Cells pre-treated with Compound 8 significantly resisted the effects of pomalidomide on IKZF1 and IKZF3. Compound 8 induced CRBN degradation had much less of an effect on multiple myeloma cell viability after 96 hours than the IKZF1 and IKZF3 degradation from Compound 9 and pomalidomide did. Multiple myeloma cells pre-treated with Compound 8 had significantly greater viability when exposed to pomalidomide than untreated cells, suggesting that Compound 8 could be used to mimic immunomodulatory IMiD drug-resistance.
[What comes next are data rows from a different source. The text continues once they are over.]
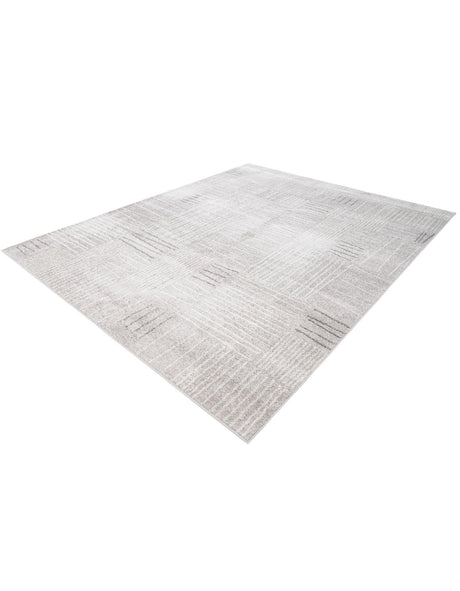 Gray 7' 10 x 10' Hanahan Rectangle Area Rug 100% Polypropylene With Jute Backing Abstract Geometric Modern Carpet for Living, Dining Room, Office Space for Sale at Rug Engine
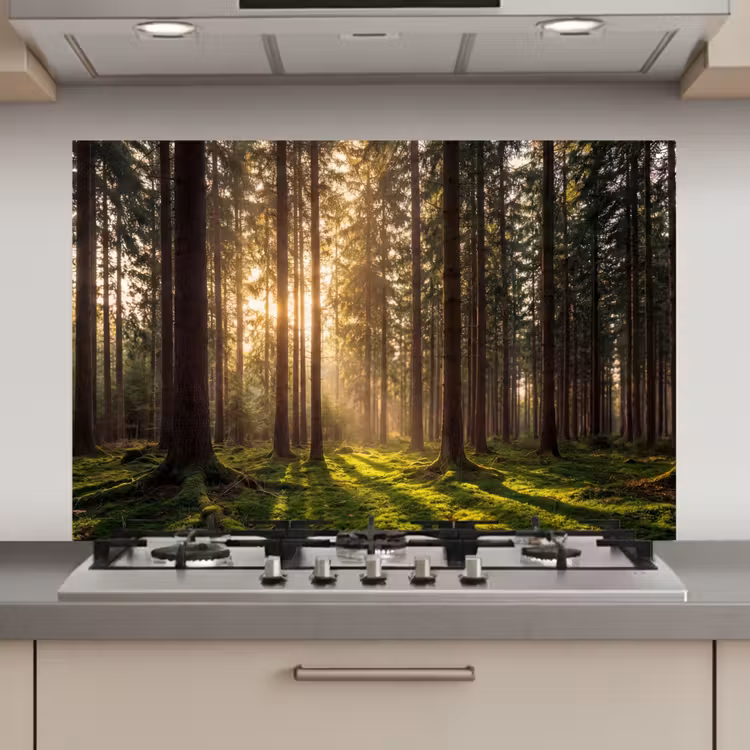 Spatscherm keuken - Bos - Gras - Zonlicht — 1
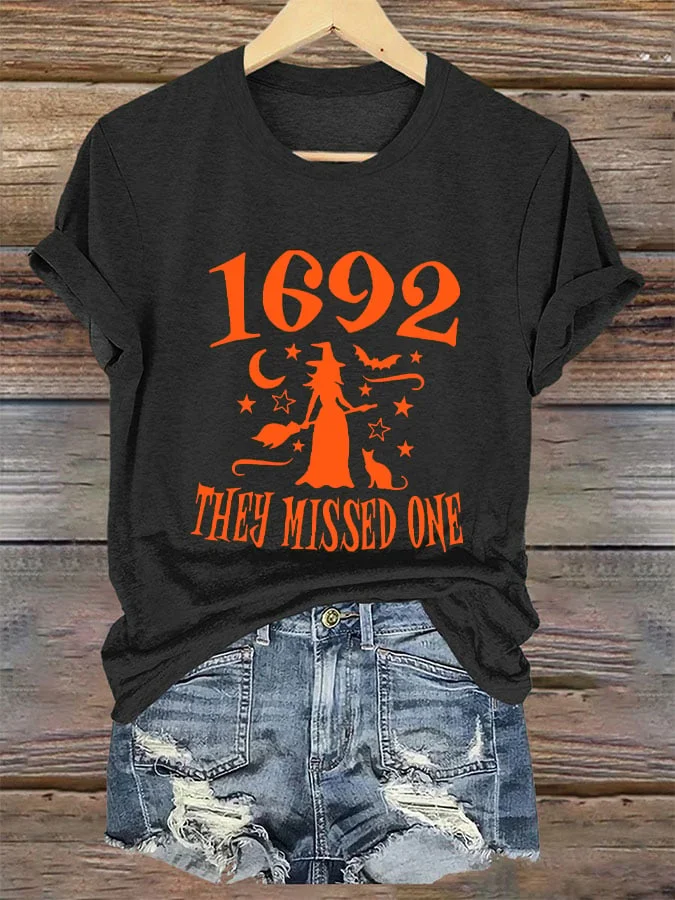 Women's 1692 They Missed One Salem Witch Halloween Casual Tee
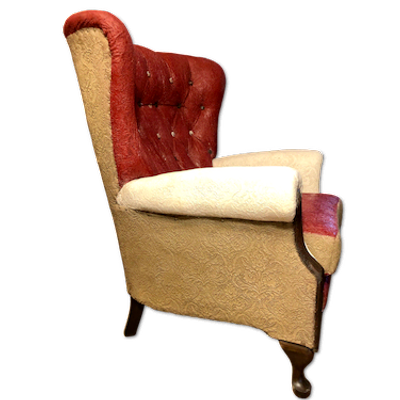 Sessel Streichen - Ohrensessel neu gestrichen - Vorher-NAchher Ohrensessel - Kreative Möbel Renovierung KreaFreiKunst by TLN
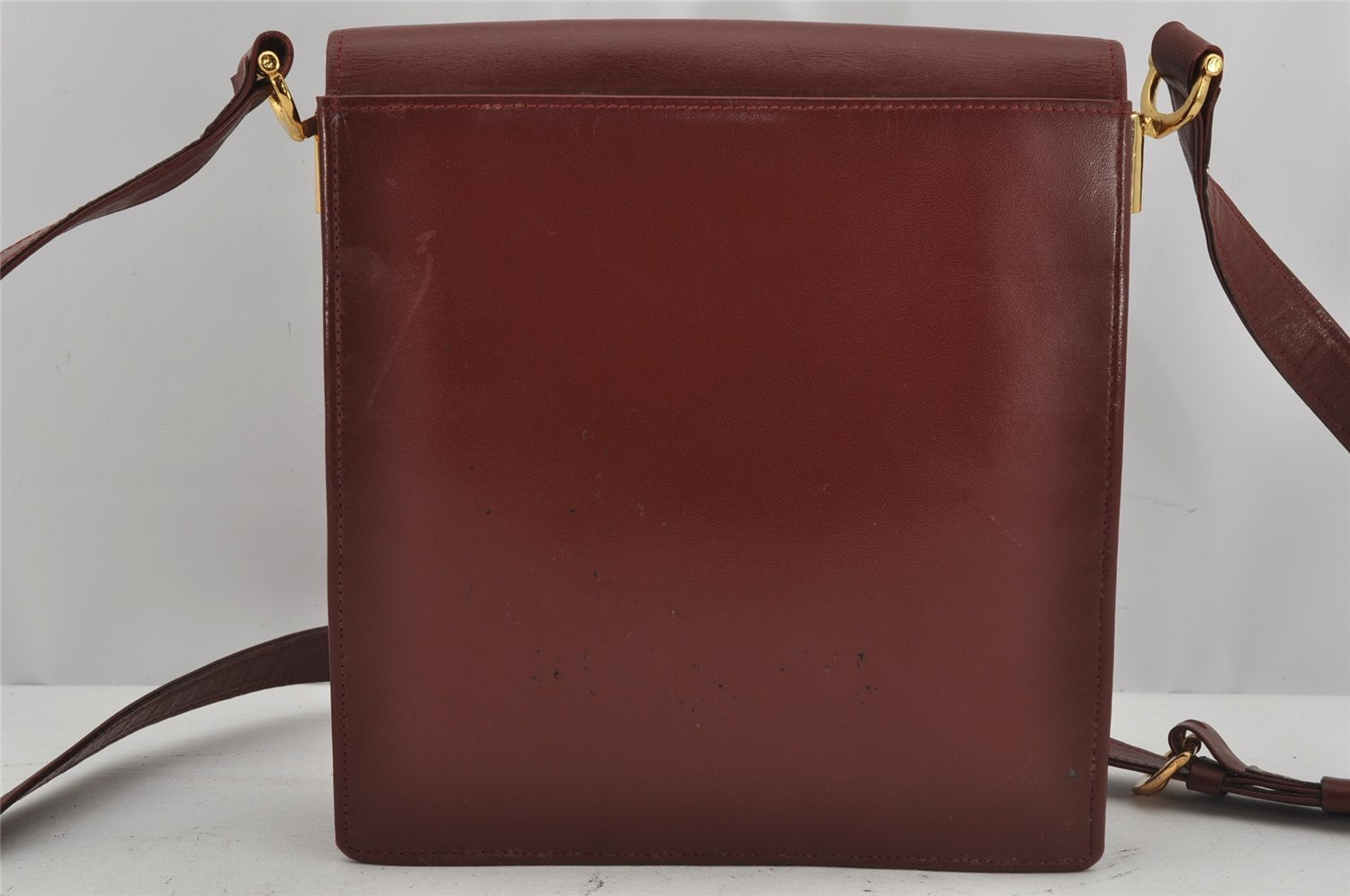 Authentic Cartier Must de Cartier Leather Shoulder Cross Bag Bordeaux Red 0678K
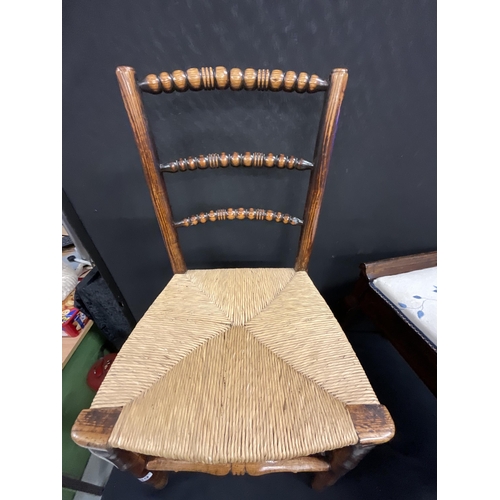 239 - PIANO STOOL AND VICTORIAN OAK CHAIR A/F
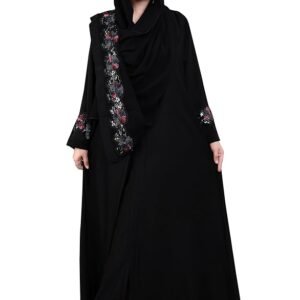 V Neck Multi Color Flower And Handwork Design With Plazo Sleeves Made Up Of Imported Nida Fabric Full Length Designer Abaya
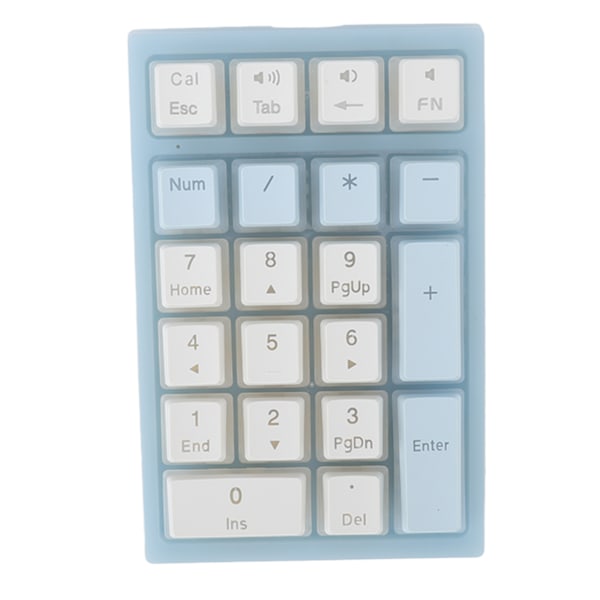 21 Tangenters Numerisk Knappsats RGB Bakgrundsbelyst Ergonomisk Liten Mekanisk Numpad Numeriskt Tangentbord för Laptop Dator Blå och Vit
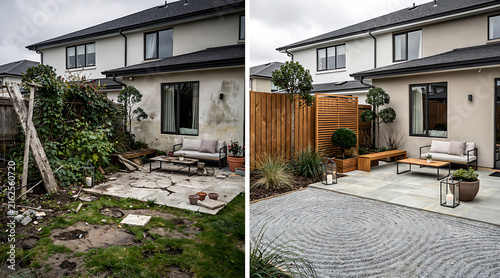 Transformative backyard renovation showcasing a before and after view with lush greenery and contemporary patio setup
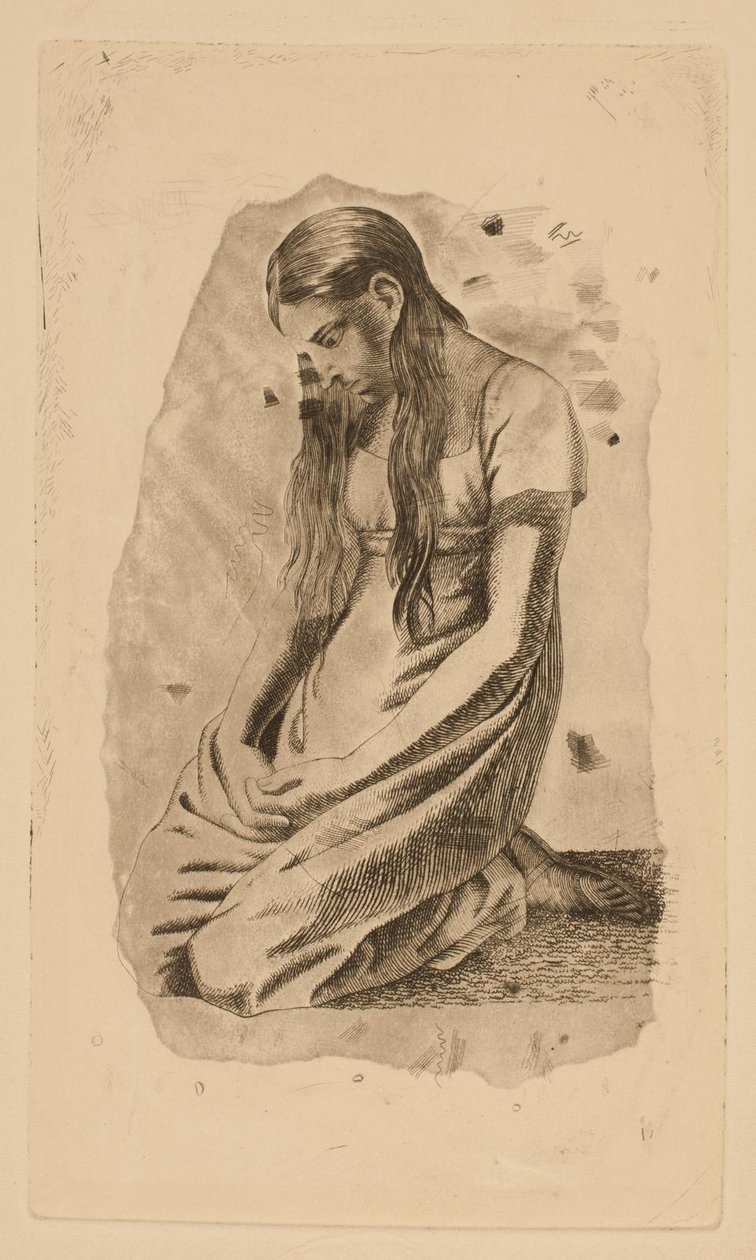 Kneeling Young Girl by Erling Eckersberg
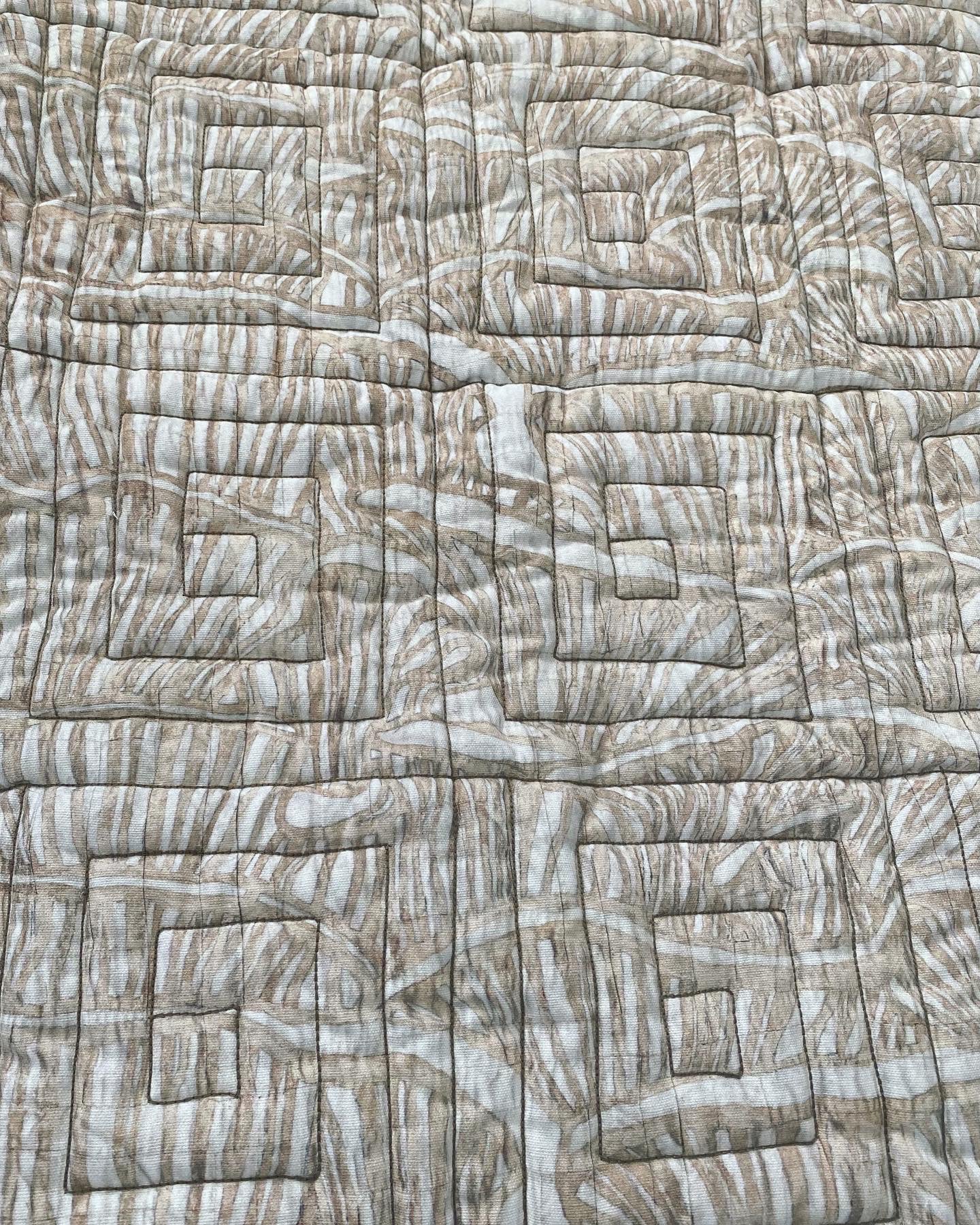 Serene Maximalism Log Cabin Quilted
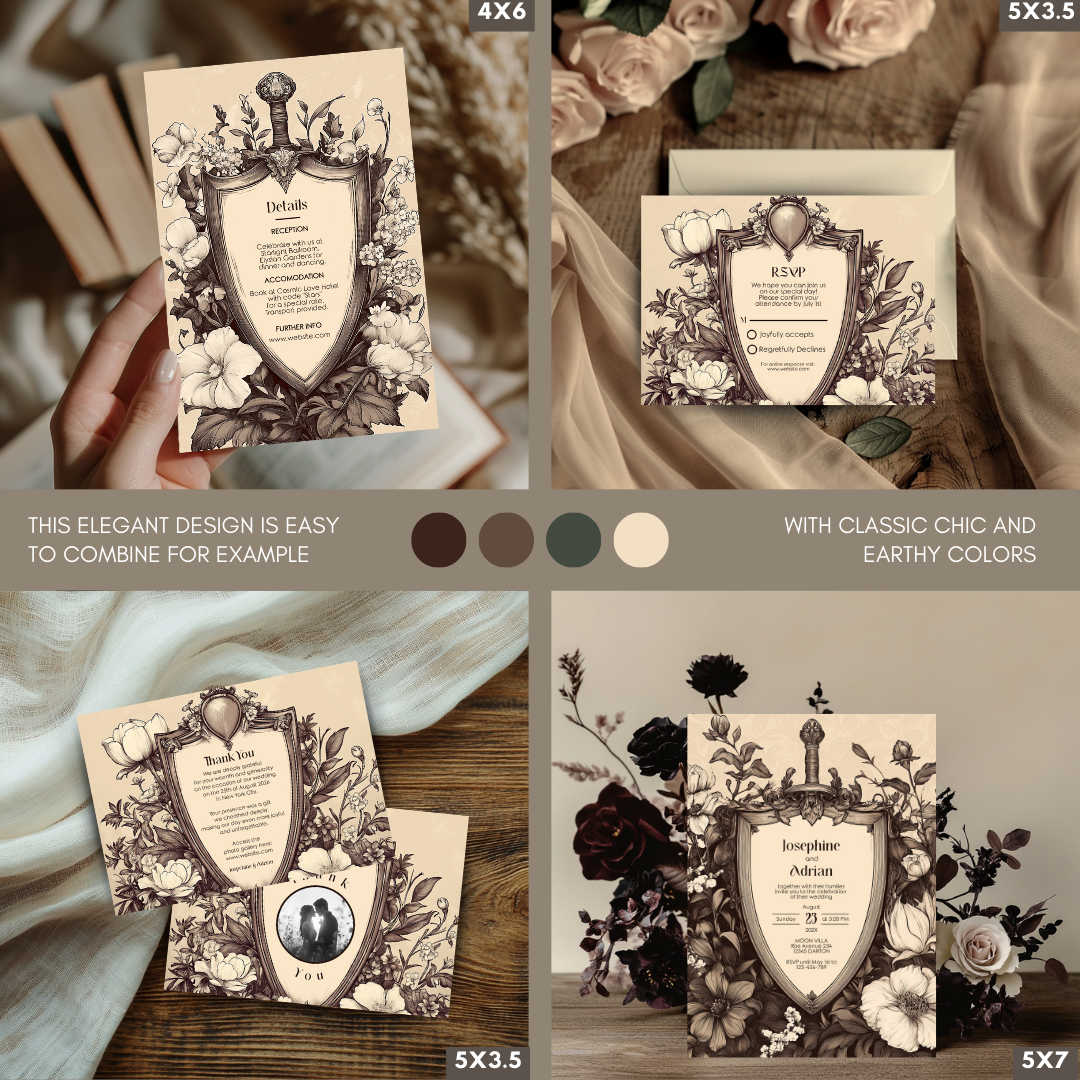 Collage of vintage-style wedding invitations with floral and classical design elements.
We found that Compound 8 induces complete proteasomal degradation of Cereblon, has no side effects on IKZF1 and IKZF3 cell viability and proliferation. Extending the project technology to other targets has the potential for inactivating and tracking of proteins related to cancer and other diseases. When adapting this technique for other drugs and proteins, one should carefully investigate the molecular structures of the drug and the protein target to choose the optimal linkers and attachments.
The IMiDs will not work in mice because of a point mutation in Cereblon, but a transgenic knock-in mouse model exists which can be used for further animal studies. As pomalidomide is an analog thalidomide, which is highly teratogenic, we do not recommend pregnant women working with these drugs.